0.2

90 18 59
                                    

Bölüme geçmeden önce benden bi anı;🦋

  Dün yaşadıklarımı ve bununla beraber gelen duygularımı kağıda dökmek istediğim için masama geçtim.

Elimde kalem, önümde defter istisnasız yarım saat öylece kâğıda baktım. Tek bir kalem darbesi bile beyaz kağıdı kirletmedi fakat içim dopdoluydu.

  O kadar yoğun duygular içersinde olmama rağmen beyaz kağıdın ve bir miktar siyah mürekkebin hislerimi anlatmaya yetmediğini fark ettim sonra. Şaşırdım, çünkü günlük tutmak gibi bir huyum olmasa da son zamanlarda duygularımı kağıda kolay bir şekilde dökebiliyordum ama dün, böyle olmamıştı. 

Her ne kadar hislerimi dökemesemde o sayfanın boş olmasını istemiyordum. Her gün yazmaya çalışıyordum ve bir güncük aksatırsam devamı malesef geliyordu bu nedenle sadece tek bir cümle yazdım sayfaya, o da: "Bomboş ruhunu benim doldurmamı bekleyen bir sayfasın fakat benim kelimelere dökemeyecek hislerim var."

Bazen bir şeyleri söylemek, yazmaktan daha zor geliyor. Bazen yazmak bile, kolay görünse dahi göründüğü gibi olmuyor ama şunu bilin ki yalnız değilsiniz. O anda kelimeler sizin sırdaşınız değil ise, siz kendinizin sırdaşı olun.

...

   Okulun çatısı gözümde; evde sıkılınca, bunalınca veya boğulunca çıktığım balkonum gibi.

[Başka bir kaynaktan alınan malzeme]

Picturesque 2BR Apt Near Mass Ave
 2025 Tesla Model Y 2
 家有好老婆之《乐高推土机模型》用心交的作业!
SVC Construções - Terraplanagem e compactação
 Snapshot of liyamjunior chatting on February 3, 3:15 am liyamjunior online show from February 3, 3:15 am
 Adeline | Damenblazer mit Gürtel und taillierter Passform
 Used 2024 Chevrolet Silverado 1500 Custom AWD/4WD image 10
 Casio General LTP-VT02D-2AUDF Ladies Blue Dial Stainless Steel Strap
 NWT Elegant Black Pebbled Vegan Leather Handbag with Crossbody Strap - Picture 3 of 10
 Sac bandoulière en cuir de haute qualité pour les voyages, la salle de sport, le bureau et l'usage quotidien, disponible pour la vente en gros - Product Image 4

  Sıcakladığımda çıkıp serinliyorum demeyi çok isterdim fakat ben çatıya insanlardan darlandığım, hayattan tad falan alamadığım zamanlarda çıkardım.

  Ve bugün de o günlerden biriydi.

   Üzerimde sırılsıklam olan giysileri elimle bedenimden hafiften uzaklaştırarak yüzümü gökyüzüne kaldırdım.

  Hayat gerçekten zordu.

"Şşt güzellik görüşemedik."

  Sesli bir kahkahayla Jungkook'a döndüğümde elindeki süt kutusunun birini hızlıca bana fırlattı.

  "Sen salaksın"

  "Ne?"

Yüzüne yerleştirdiği sahte kızgınlıkla saçlarını eli yardımıyla geriye doğru taradı.

"Sen hiç bu kadar yakışıklı salak gördün mü?"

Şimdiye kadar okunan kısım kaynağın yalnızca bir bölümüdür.